> _PROBLEM DESCRIPTION_
Copy, word for word, the opening line of the data and each line after it until the line that contains "Normale/kurze Spitze, grau", which is included. Leave the pictures out.

(Web page caption snippets)
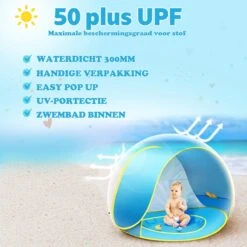 Seidon Strandtent Baby - Pop Up Tent - UV Bescherming - Baby En Kind - Waterdicht - Zwembadje - UV Bescherming -Buitenkampeer Winkel 1200x1200 1338
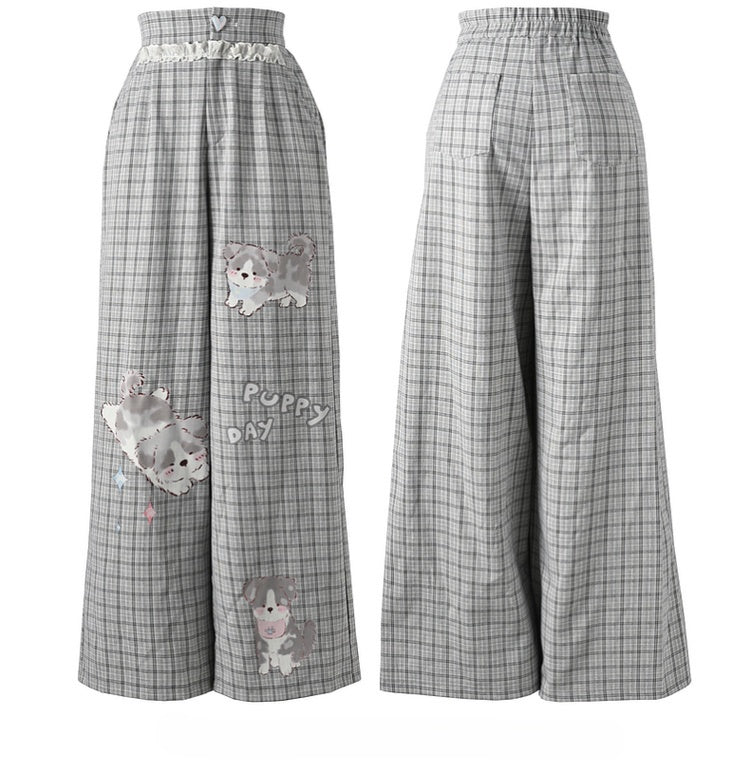 Normale/kurze Spitze, grau kariert, Welpen-Print, Herz-Knopf-Version, weites Bein, Hosenbesatz
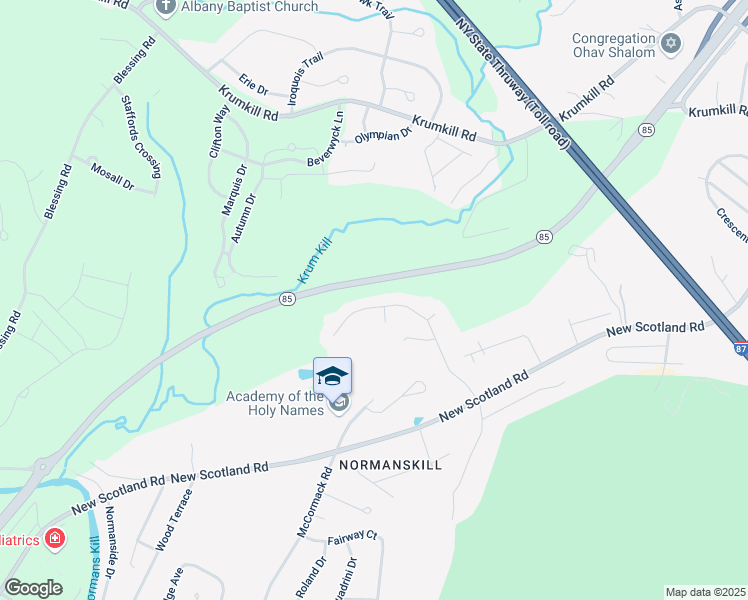 map of restaurants, bars, coffee shops, grocery stores, and more near 57 Woodside Drive in Albany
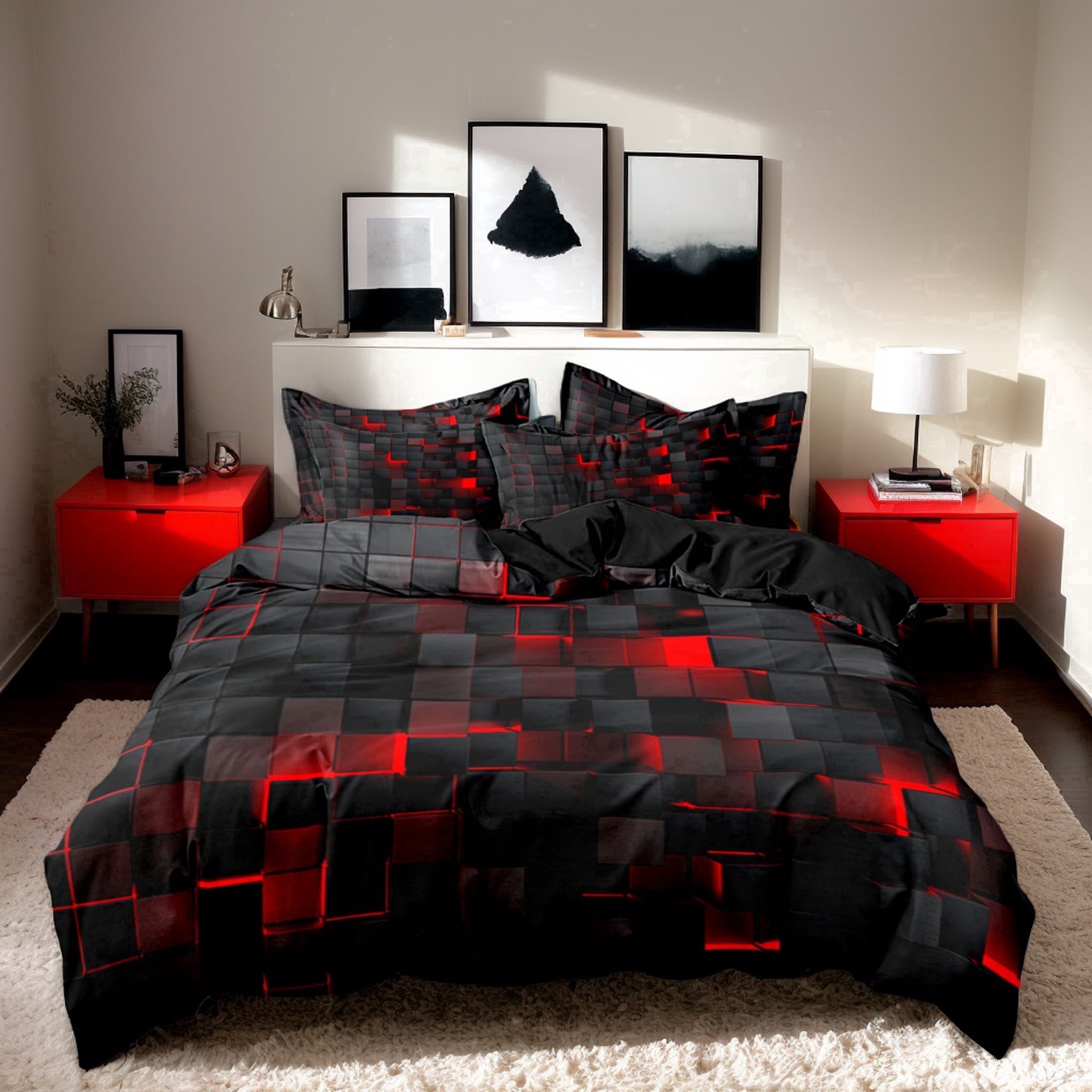 Orylavena Red Black 3D Block Microfiber Duvet Cover Set, Black Back, Twin/Full/Queen/King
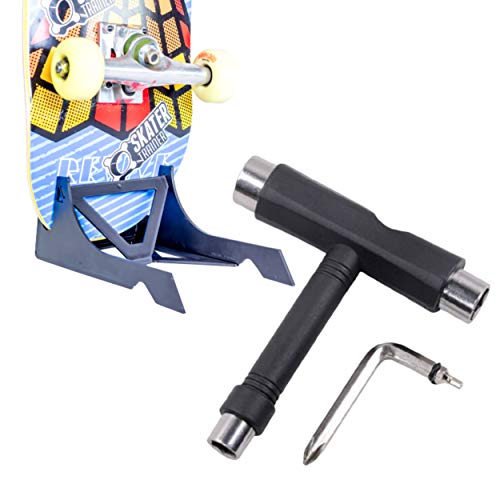 SKATERTRAINER Skate Tool and Floor Skateboard Display Combo, Great Accessories, Stand, or Gift by Skater Trainers (BlackwStand)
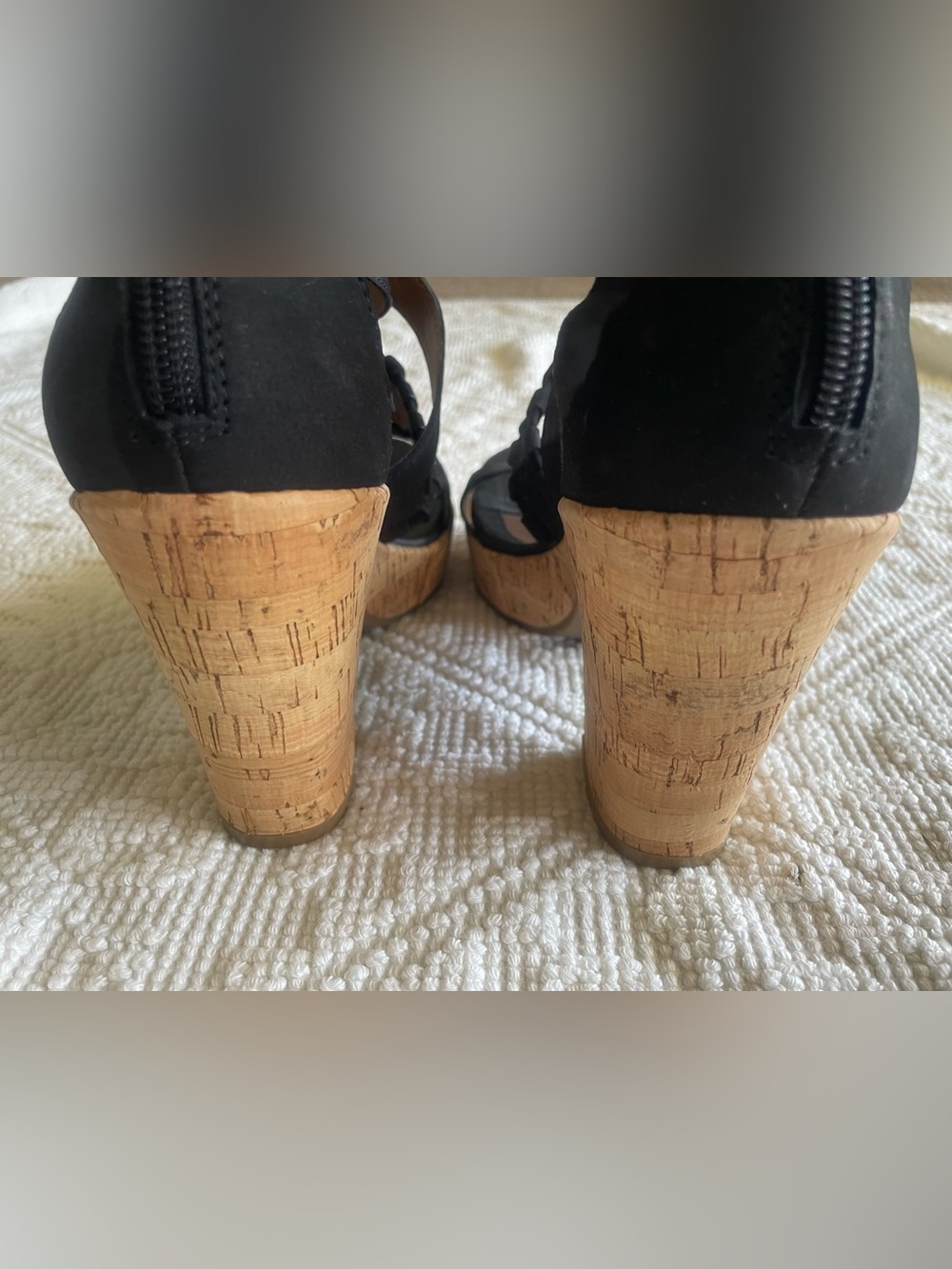 Womens Black Cork Wedge Sandals with Ankle Straps Euro Soft size 8 - Picture 4 of 4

> _RESPONSE TO THIS TASK_
 Seidon Strandtent Baby - Pop Up Tent - UV Bescherming - Baby En Kind - Waterdicht - Zwembadje - UV Bescherming -Buitenkampeer Winkel 1200x1200 1338
 Normale/kurze Spitze, grau kariert, Welpen-Print, Herz-Knopf-Version, weites Bein, Hosenbesatz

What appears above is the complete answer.